The teachers took part in this summer’s Project Breaker challenge, “The Future of Stuff,” alongside students as a way to explore new patterns of collaboration, tinkering, and creative teaching. They began by surveying the factory, replete with carefully scattered objects that included a towering tree of old wood parts and a tabletop-sized Coca-Cola sign, for “stuff” that they could re-purpose and re-use. One teacher repurposed a knife holder to be a poem giver and invited others to put in poems that they later shared. Small, emergent surprises like this sparked motivation and curiosity and provided sources of inspiration for the main task ahead: transforming our educational environments.

These design-thinking exercises helped teachers explore innovative approaches to redesigning the idea of school--the physical space, curricular structure, and bell schedule. One major theme that emerged was the rich potential of “liminal spaces” in education, which are the “in-between” times that range from short transitions between classes to the months between the end of HS and beginning of college.

It is in this space where many of us learned more valuable lessons from taking a menial, rote-skill job, landing for the first time on another continent, or having an unlikely exchange that sparked an idea, than we did in traditional classroom time. How might we grow these informal, immersion experiences while keeping them as accessible as possible, rooted in real challenge, in real communities, and constructed for real-time learning?

At the conclusion of the four-day session, teachers walked away in pursuit of new ideas and projects to make this happen. Three are proposing an intensive design thinking courses to help high school seniors tackle research projects, along with classes for their peer educators at other schools. Others are reaching out to libraries, autoshops, and even representatives from makerbot.org to host community Makerspaces and design thinking sessions. One literature teacher is incorporating design thinking process as a way to investigate texts and write essays. Another is coming up with ways to assess for cognitive and noncognitive skills used in project and process-based learning environments like Project Breaker.
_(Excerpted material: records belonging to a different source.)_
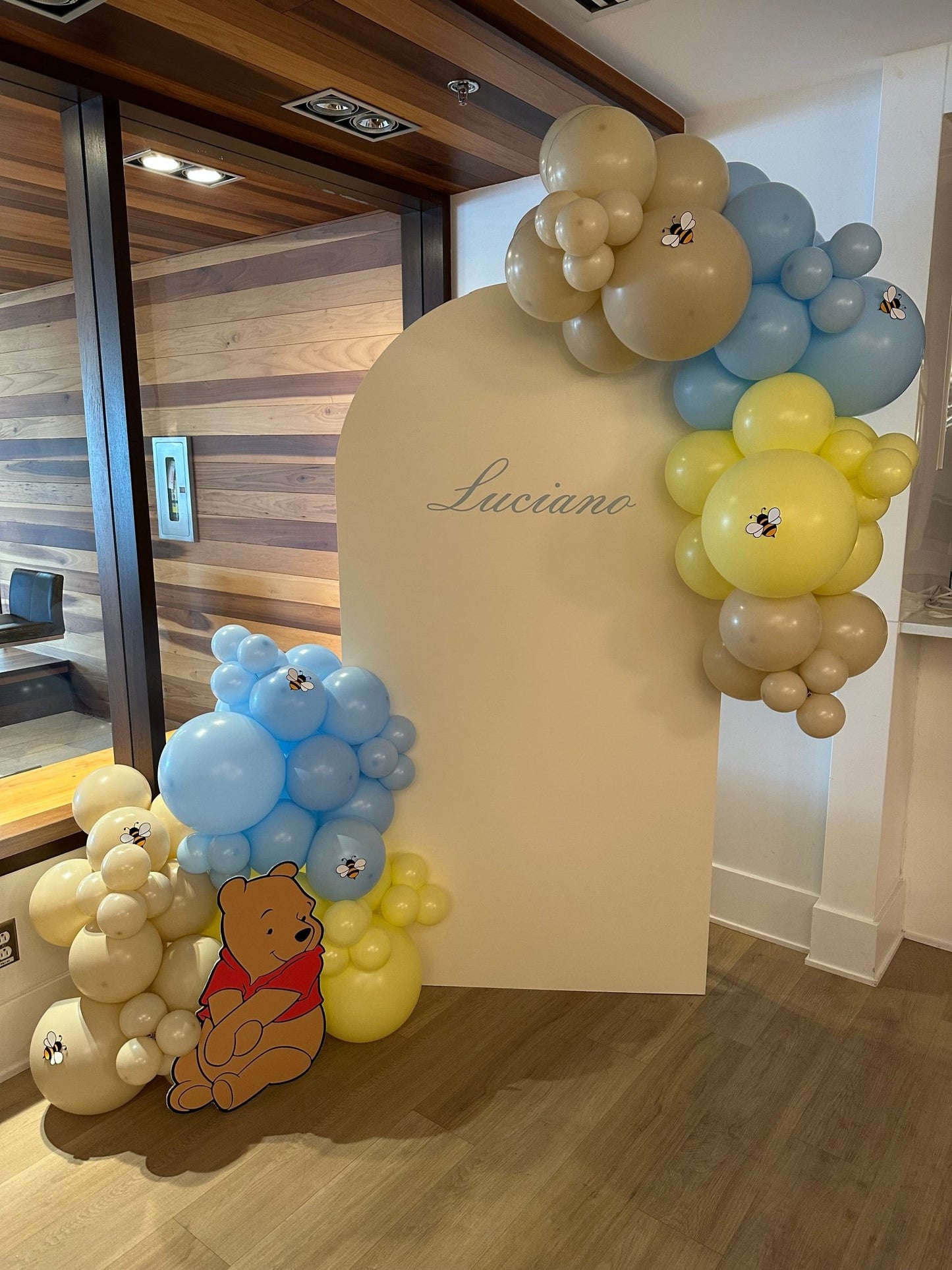 Kit DIY pour arche de ballons (9 pieds) - Boutique C'est la fête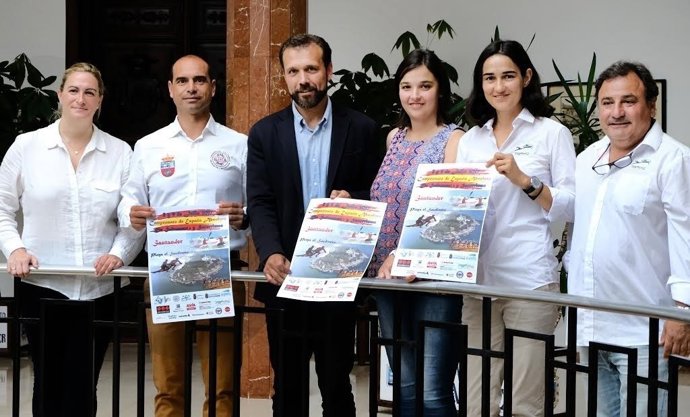 Campeonato de Salvamento y Socorrismo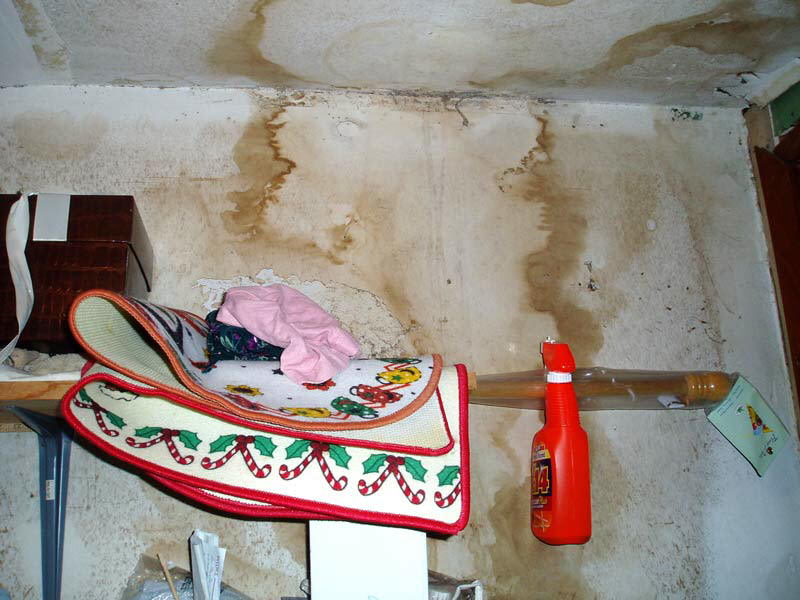 A Wash Room
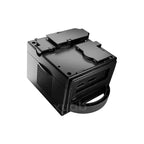 3 Piece Port Covers - Black For Nintendo GameCube® - Role-Players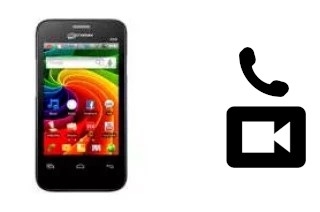 Effettua videochiamate con a Micromax A56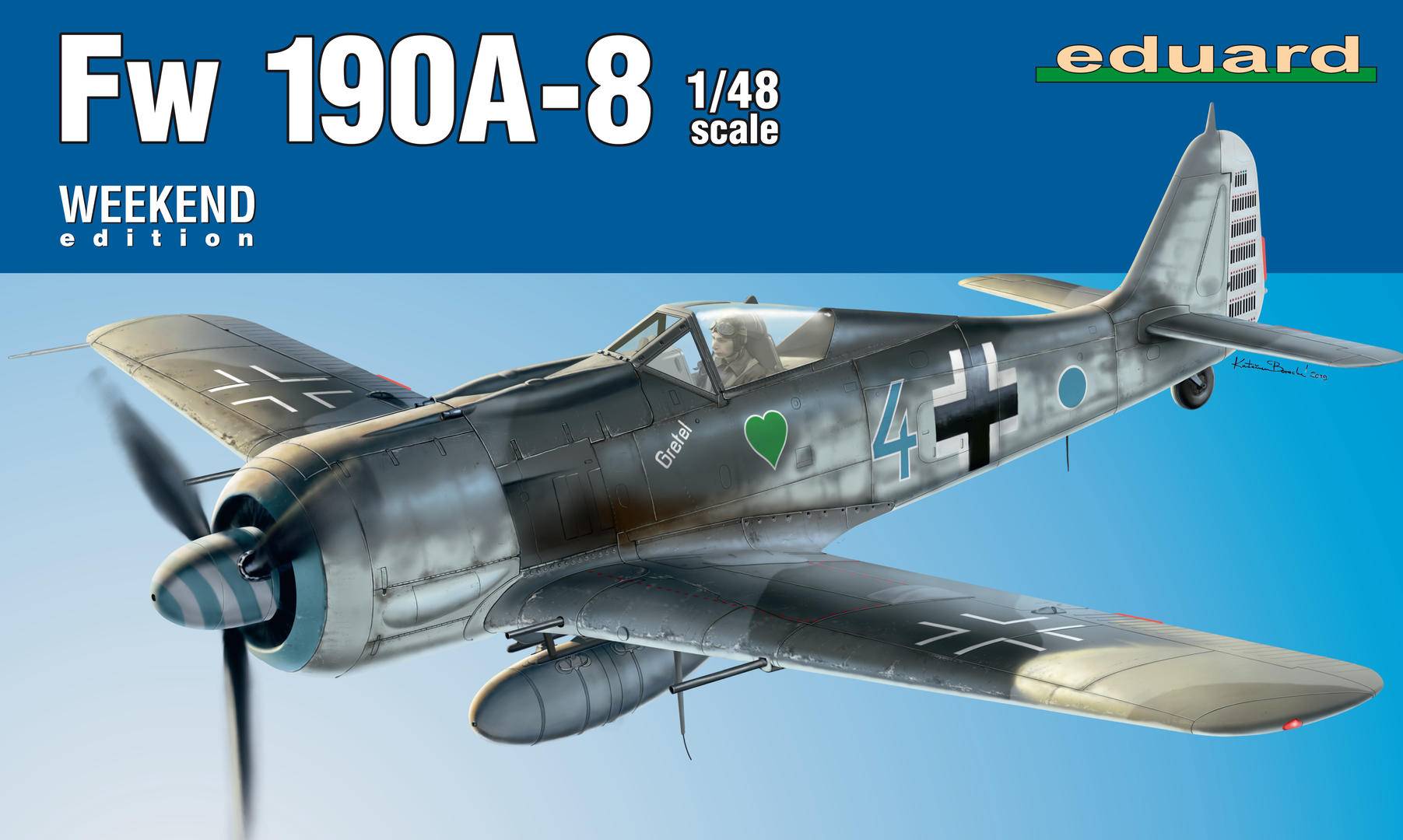 Fw 190A-8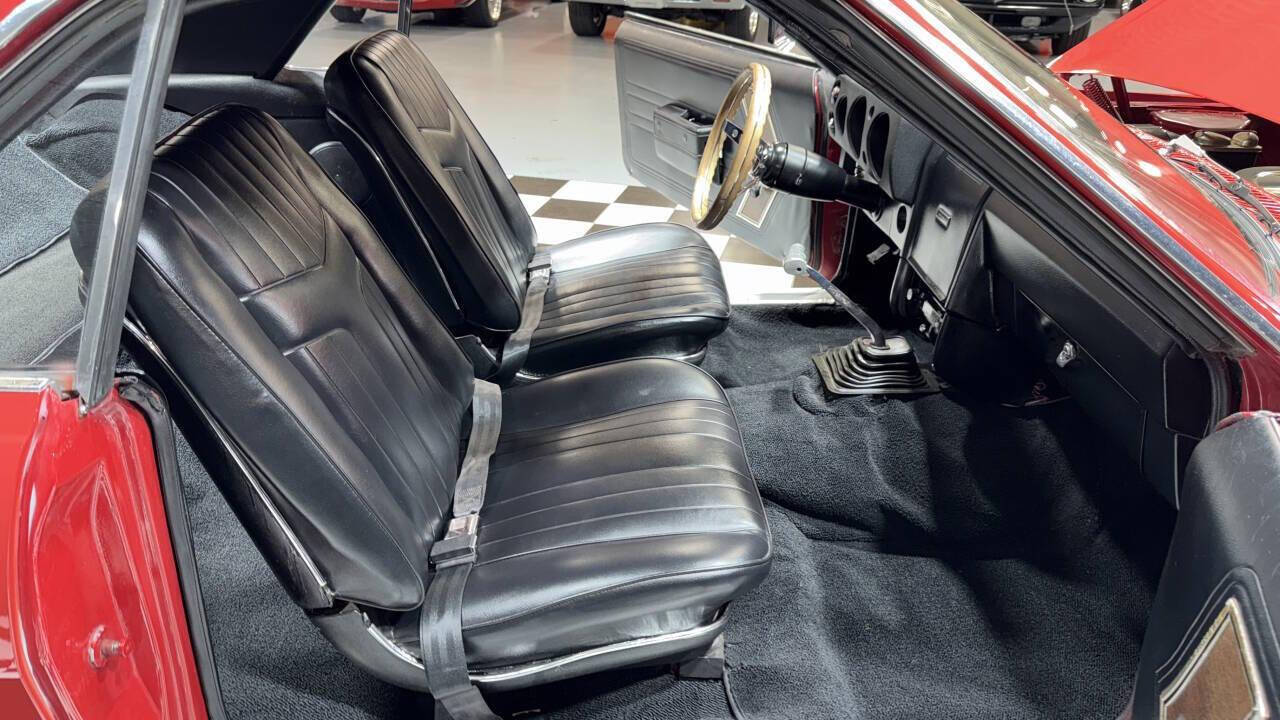 1968 AMC AMX 9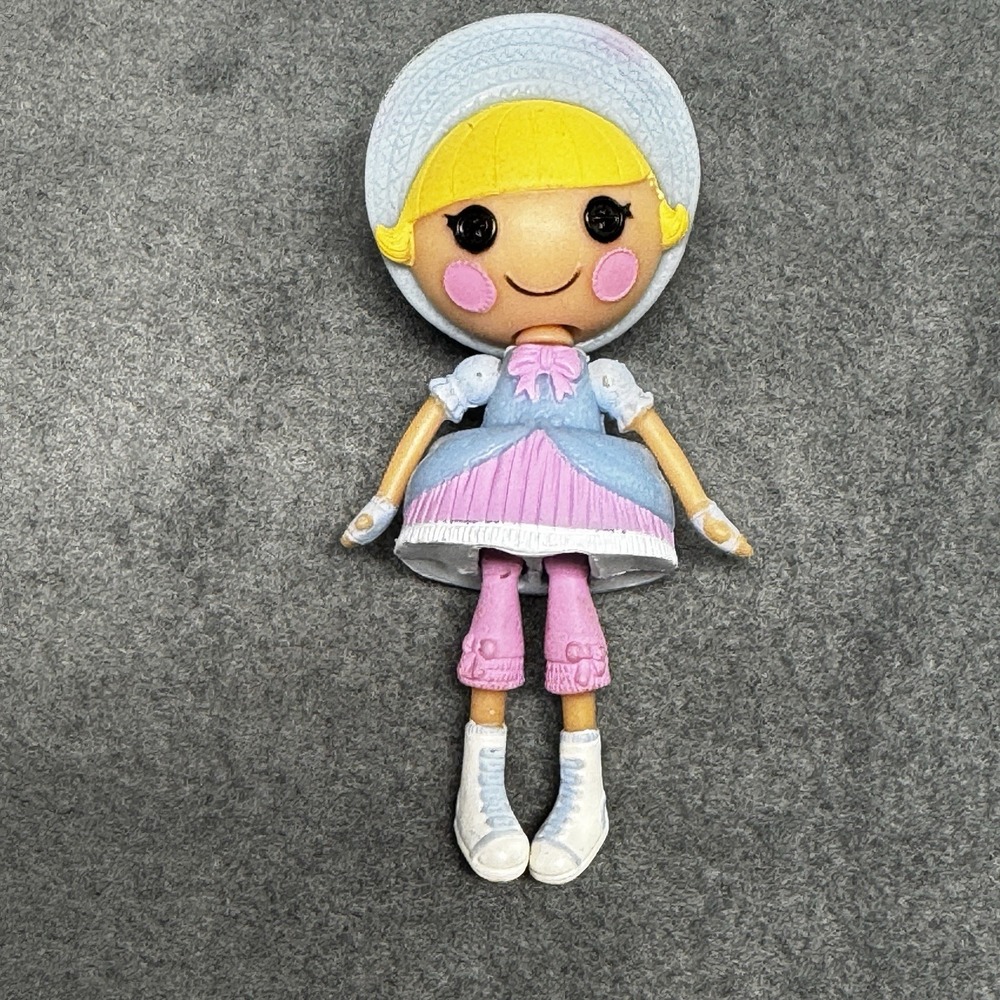 Lalaloopsy Mini Doll - Little Bah Peep Bo Peep 3" Figure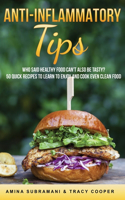 Anti-Inflammatory Tips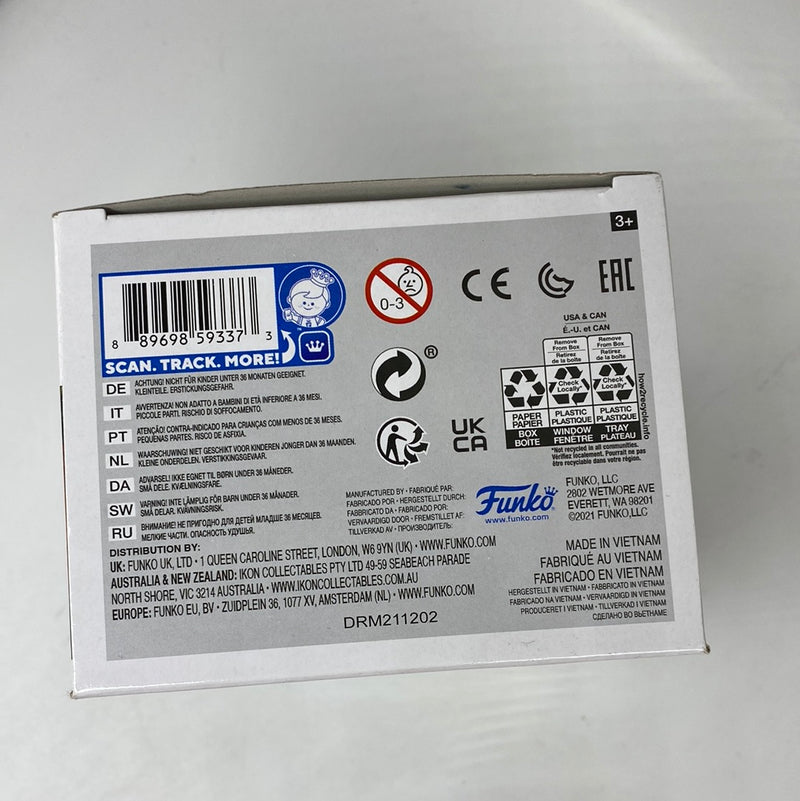 Funko Pop! Halo: Spartan Grenadier with Hmg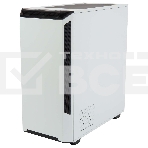 Компьютерный корпус Hiper PW81 белый без БП ATX 3x120мм 2xUSB2.0 2xUSB3.0 audio bott PSU, фото24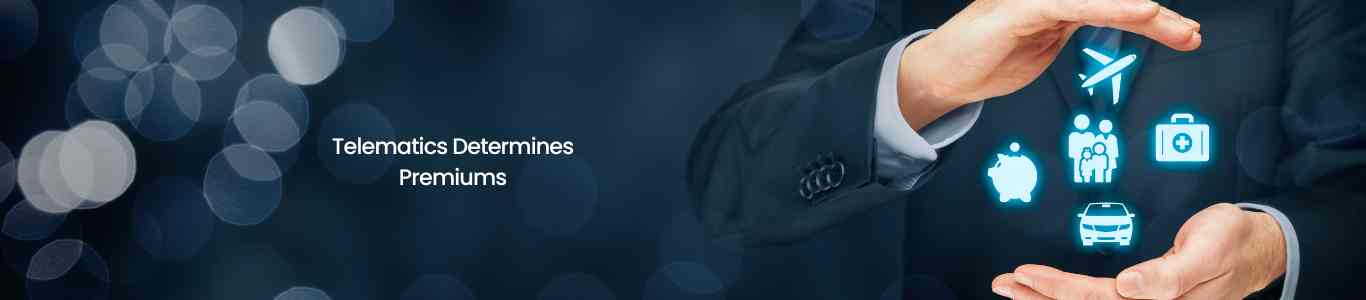 Telematics Determines Premiums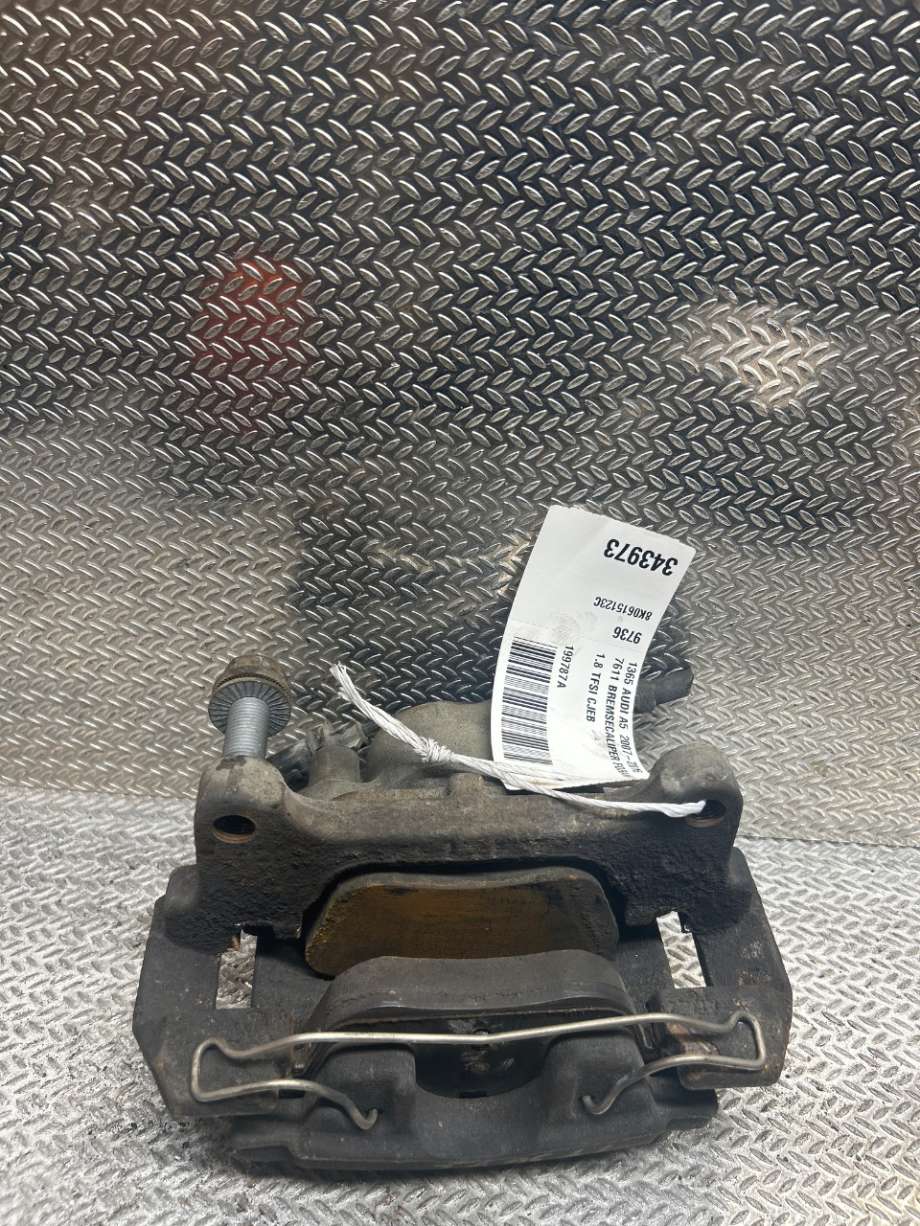 Bremsecaliper venstre foran til Audi A5 2007-2016 (Type I)  (AUDI|8K0615123C|)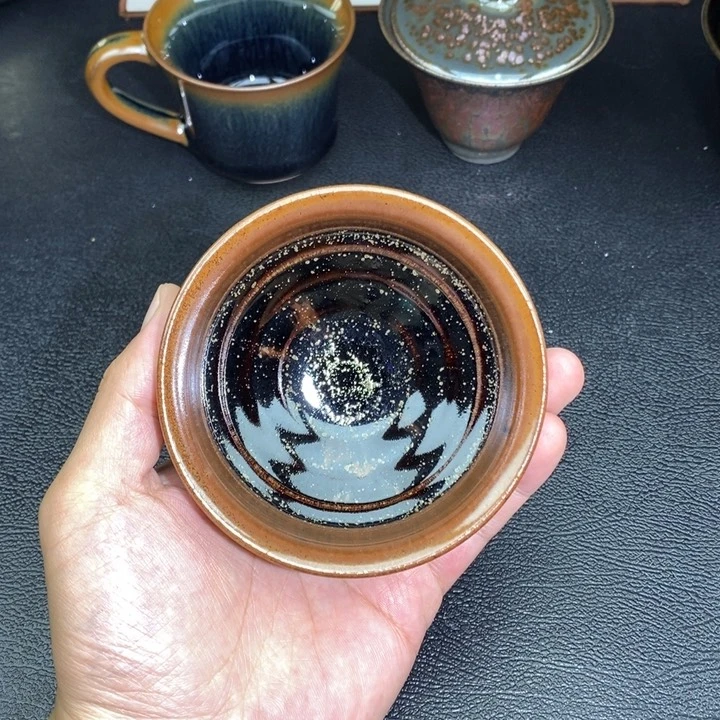 茶盏精品建盏茶器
As Project Breaker showed, tapping into resources across the many wonderful organizations building out design thinking and learning experiences and those who create learning spaces in the community can be a first step in seeding empathetic community-driven innovation in and outside of schools. By connecting with one another and students in the unlikeliest of settings, educators designed new learning opportunities in school, out of school, and in the liminal spaces in between.